You're requested to turn off all electronics during takeoff and landing,

Not anymore, not in the US.

but you can still use this app while you're in the air.

Does Delta provide WiFi or cellular for data while airborne?

If it were "Station" based like you suggest, then the entire passenger list would be calling Delta to report lost luggage even though their luggage is 4 feet below them!

Ummm, if it is "station" based, it would say "onboard", just like they are. And nobody is going to be calling Delta about a lost bag before they arrive.

It would be smart for the app to provide the actual plane's location while you are in flight.

Uhhh, what? Why?

Comment Re:Brick 'em (Score 1) 61

And this is how people are, they don't care that they are a danger to the whole internet and them being knocked off is a service to the world. What they care about is their stupid little gimmicky toy.

How people really are is that they don't know what the Internet is so they don't know that their "stupid little gimmicky toy" could possibly be a problem because of some distant and unknown infrastructure issue. It's not a deliberate decision to cause harm, and it's not selfish.

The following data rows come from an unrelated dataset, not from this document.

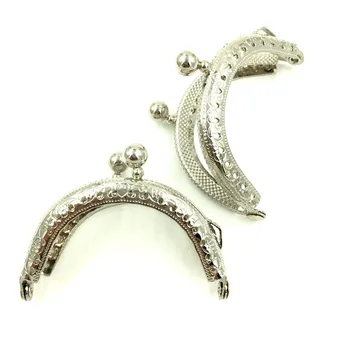 2Pcs Silver Tone Coin Purse Bag Arc Frame Kiss Clasps Lock Clutch DIY Handle 67x53mm 
2Pcs Silver Tone Coin Purse Bag Arc Frame Kiss Clasps Lock Clutch DIY Handle 67x53mm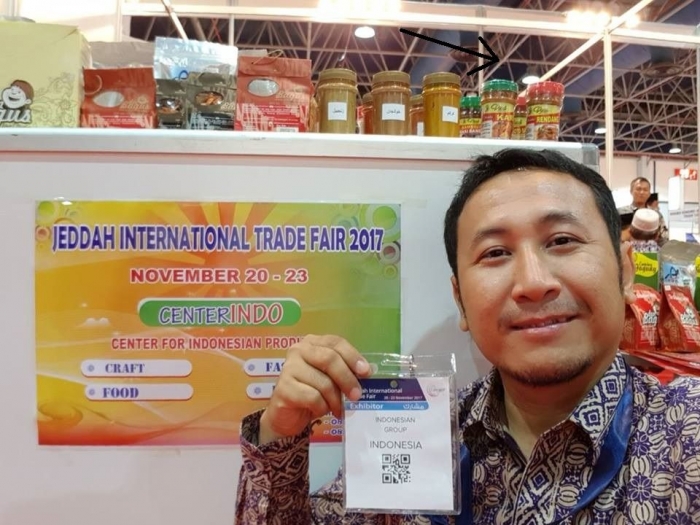 Produk Veni Bumbu di Jual di Jeddah International Trade Fair (ditunjukan dengan panah hitam / dok. Veni).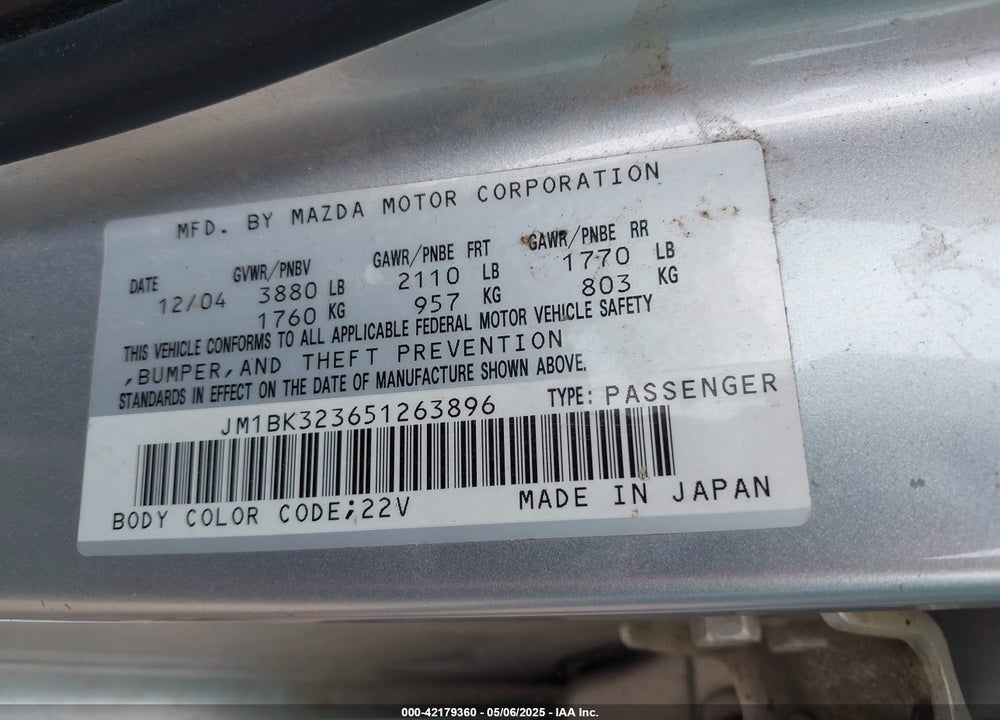 2005 MAZDA 3 S VIN: JM1BK323651263896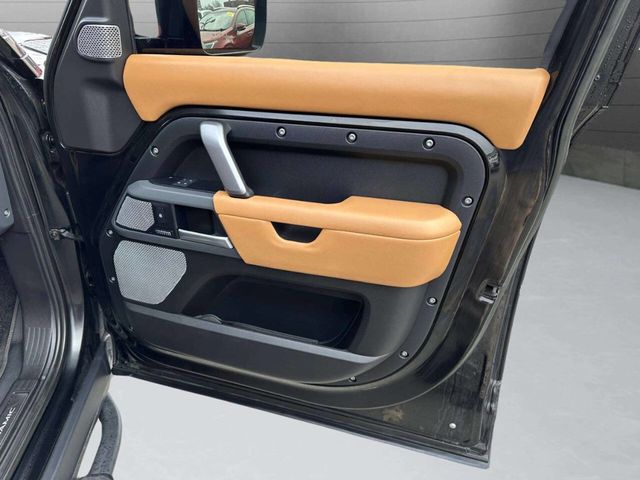 2023 Land Rover Defender 130 X-Dynamic SE AWD - 22950315 - 36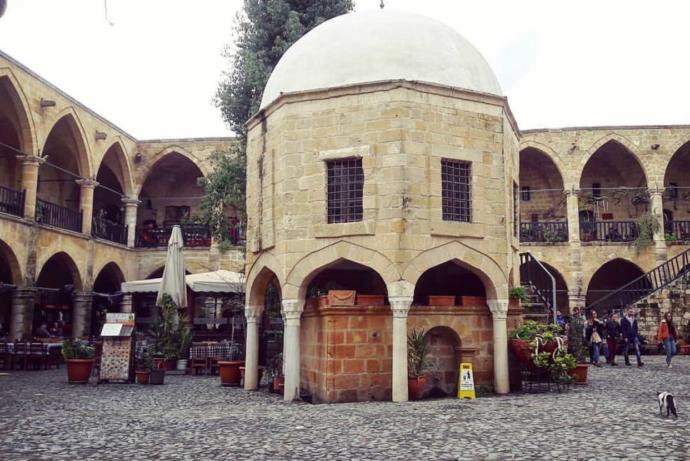 Lefkoşa bölgesinin simge yerlerinden Büyük Han.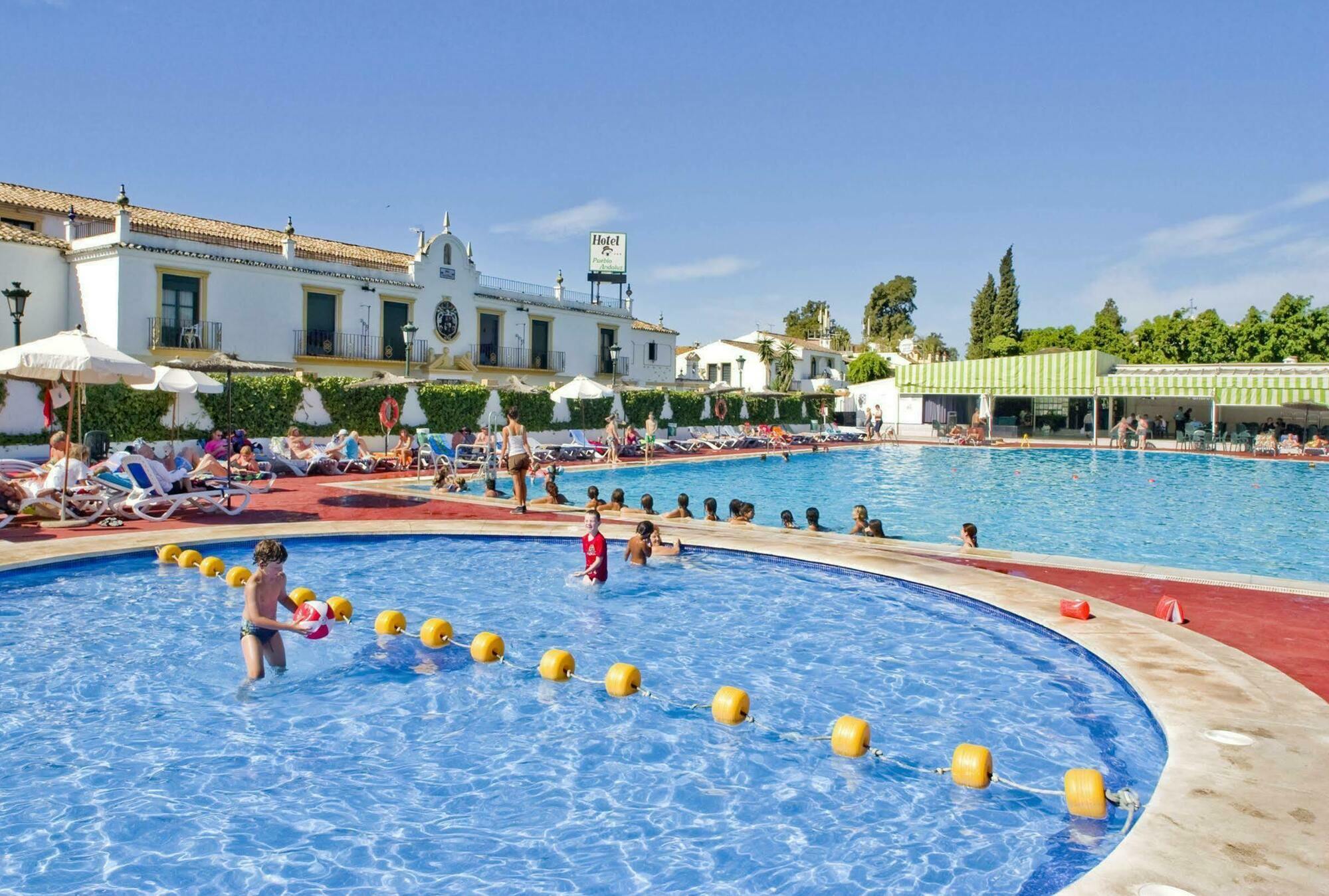 Globales Pueblo Andaluz Hotel San Pedro de Alcántara Eksteriør billede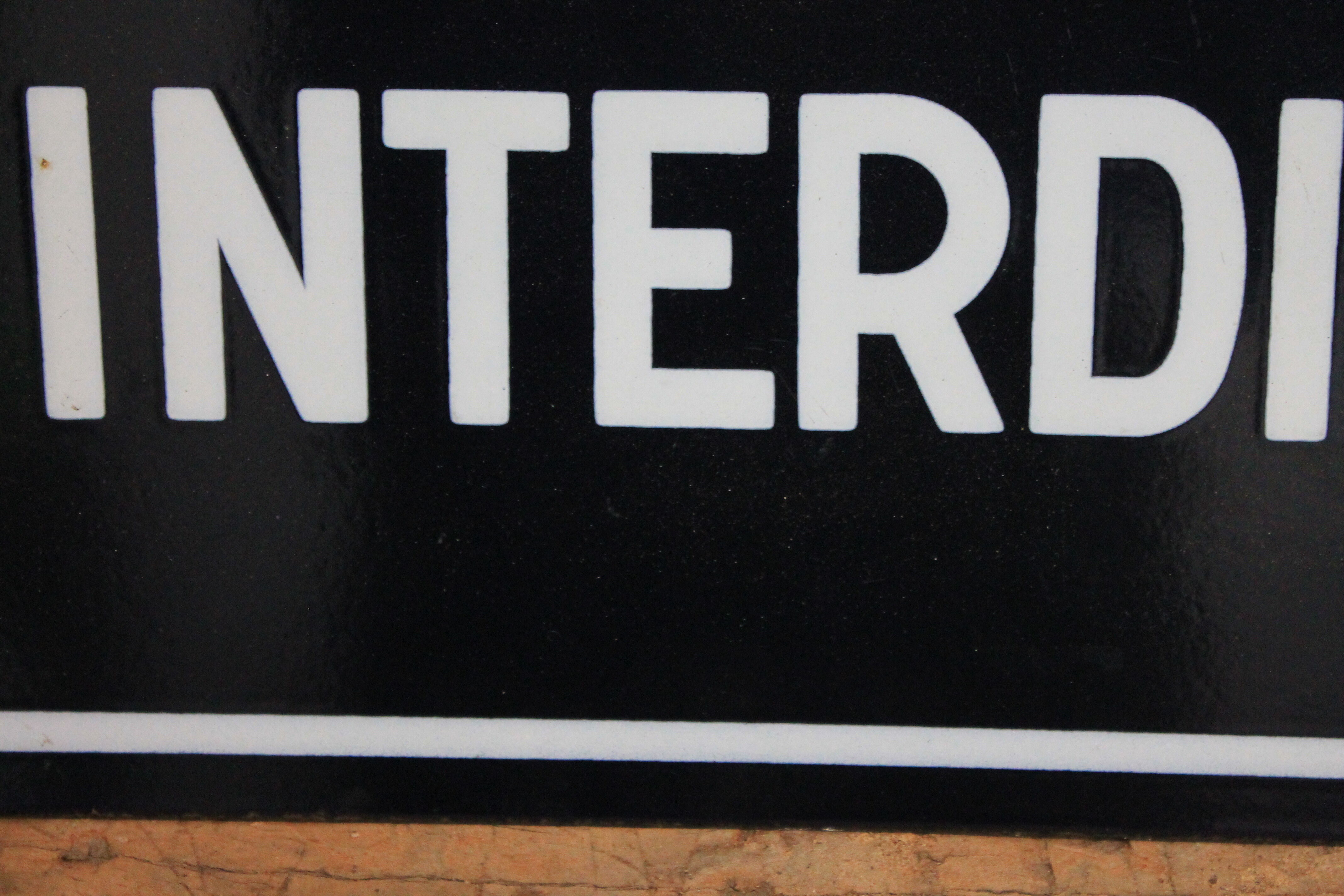 Enamel plate "passage interdit"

What you think is a "gimmicky toy" may be a security cam they use to keep track of the house while they're gone because they've had issues before. It certainly is NOT something that was sold with a big warning notice that attaching it to the network in their house, behind a cable router that stops everything else from getting in, will cause death and destruction, or problems of any kind to anyone. They certainly did NOT say "fuck you" to any idea of trouble and forge ahead maliciously.

And I'd hate to think that maybe they are thinking that YOUR use of the Internet is for "gimmicky toys" like "why do you need to run your own mail server when Gmail does it for free"?

So, maybe notch the venom down a bit and accept that the problem is not the fault of the people who buy the devices and use them as instructed. People don't need to be, and shouldn't have to be, leet haxor neckbeards with in-depth knowledge of the Internet to use a network-connected device. This is why the idea of having white-hat hackers brick the devices is so tragically wrong. As soon as they start doing that to protect their turf they lose any ethical high ground because they are hurting innocent people and not the ones who produced the faulty devices.

But they'll all call the manufacturer and complain, right? Probably not. They'll take the thing back to the store they bought it from (also not network experts) and get a new one. When it stops working again, they'll get their money back. They won't search out the manufacturer, and are unlikely to find who actually built and programmed it anyway considering it is probably a Chinese company to start with. For example, I have some internet power switches that I caught sending data off to China. Don't know who, and I have no idea who built them. I know the store I bought them from. That's where the trail to the culprits ends.

Comment Re:Reality (Score 1) 92

A year ago, my Comcast service would often drop out dozens of times a day (confirmed by my modem logs). Calls to Comcast service got me nowhere.

Did you call your local franchise authority to complain and ask for their help?

When I was fighting Comcast about a cableCard and what they wanted to charge (after saying it would be free), I called my local franchise specialist. HE called Comcast, and in about half an hour I got a call from Comcast Customer Resolution (or whatever it is they call the office where this kind of thing gets resolved) with a solution. (It's free.)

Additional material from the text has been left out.